__TASK TO COMPLETE__. Leaving out every picture, please repeat exactly the line that contains "Cluster Fairy Lights with Crystals" and each line after it through the final line below.
+---+
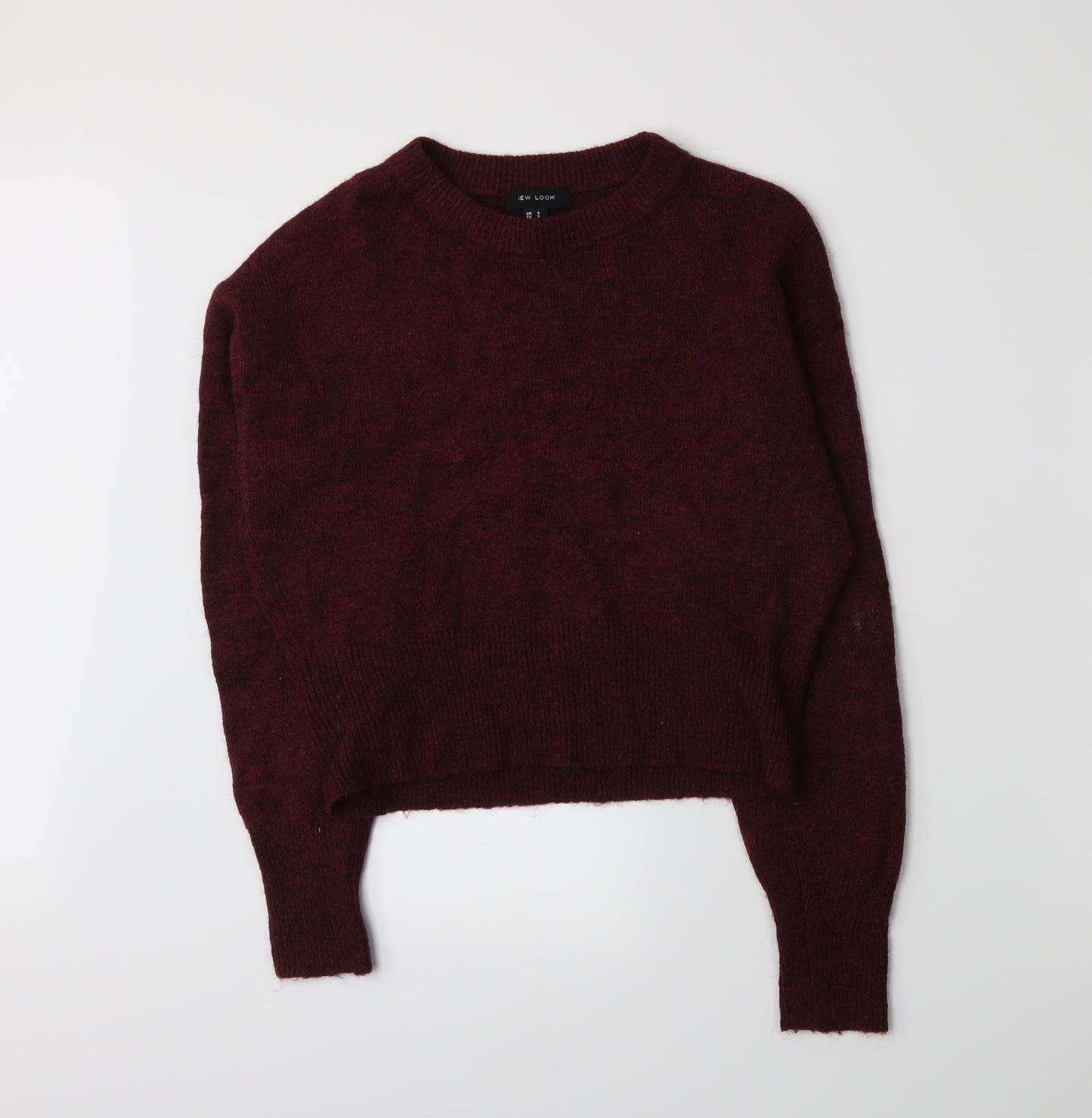 New Look Womens Red  Knit Pullover Jumper Size S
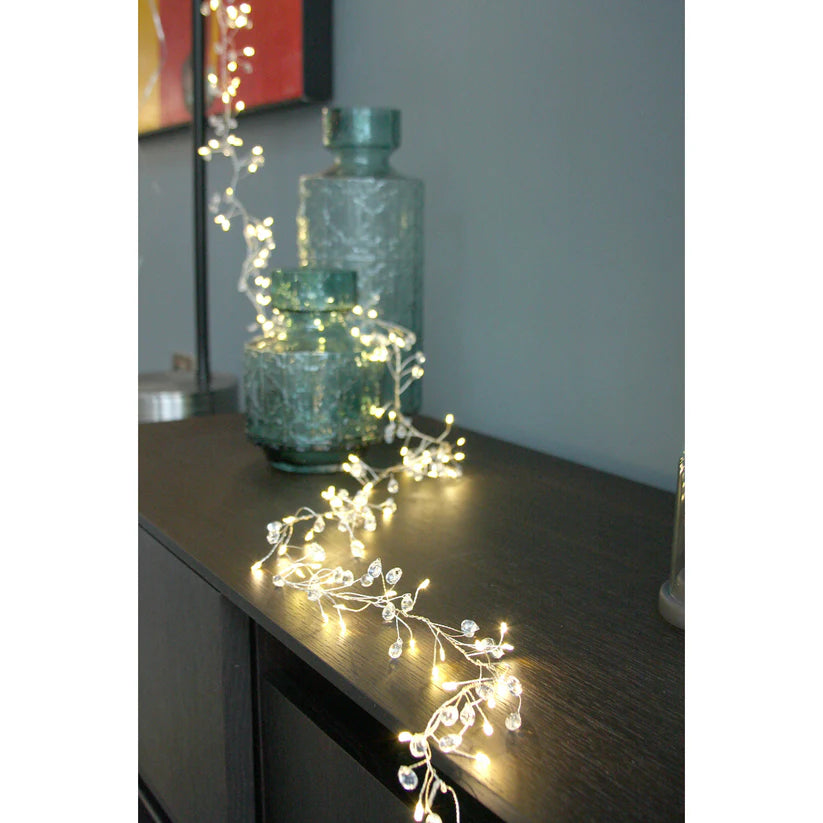 Cluster Fairy Lights with Crystals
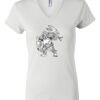 Women's Short Sleeve V-Neck T-Shirt Thumbnail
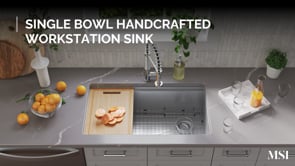 MSI SINGLE BOWL HANDCRAFTED WORKSTATION 3319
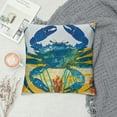thumbnail image 2 of BCIG Blue Crab Coastal Premium Indoor/Outdoor Pillowcase Patio Decoration Watercolor Marine Decoration Marine Life Armchair Pillowcase 18" x 18" Blue Crab, 2 of 5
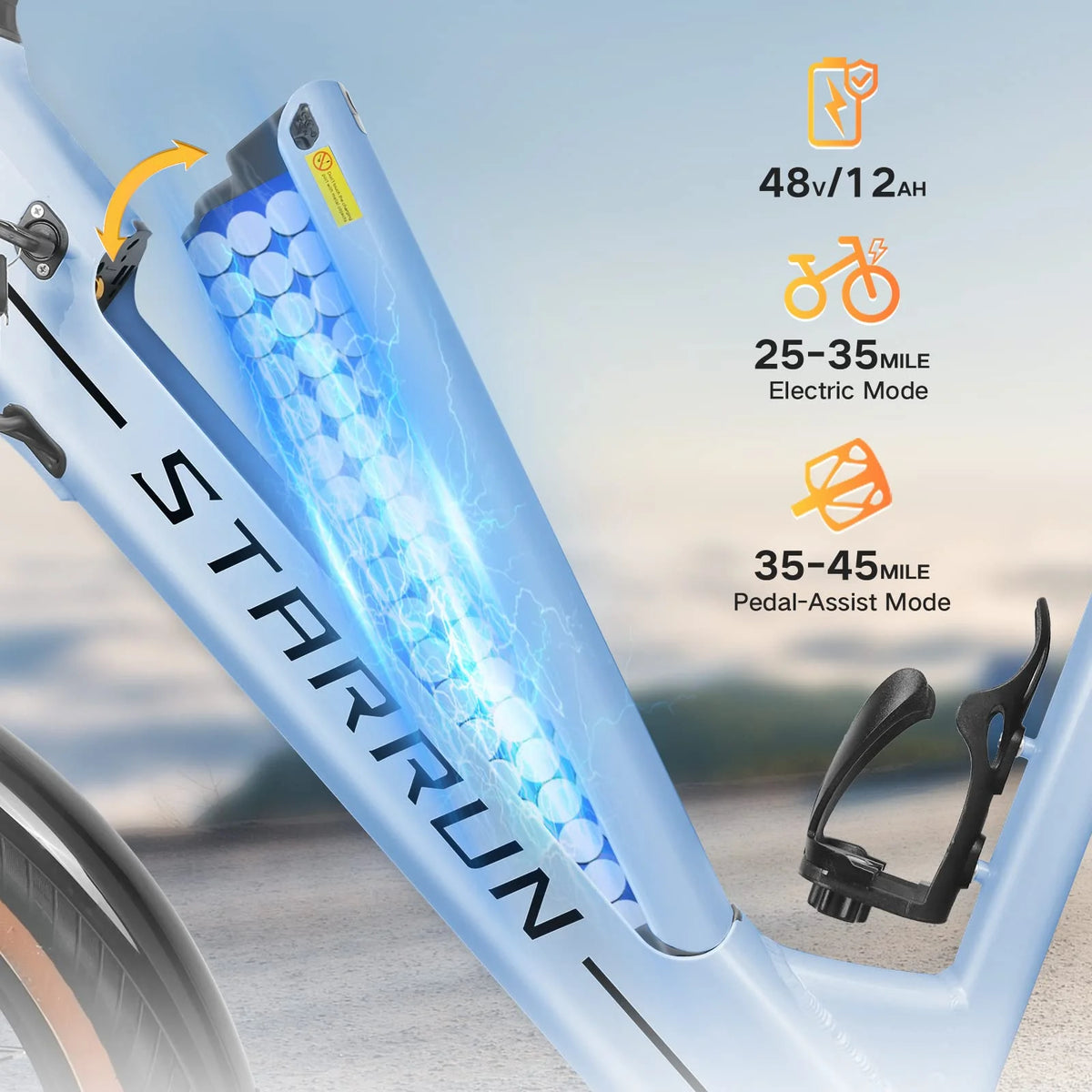 500W 48V 12Ah 7 Speed 26'' Electric Bicycle Q74730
+---+
__SOLUTION TO THIS TASK__.
 Cluster Fairy Lights with Crystals
 Women's Short Sleeve V-Neck T-Shirt Thumbnail
 MSI SINGLE BOWL HANDCRAFTED WORKSTATION 3319
thumbnail image 2 of BCIG Blue Crab Coastal Premium Indoor/Outdoor Pillowcase Patio Decoration Watercolor Marine Decoration Marine Life Armchair Pillowcase 18" x 18" Blue Crab, 2 of 5
 500W 48V 12Ah 7 Speed 26'' Electric Bicycle Q74730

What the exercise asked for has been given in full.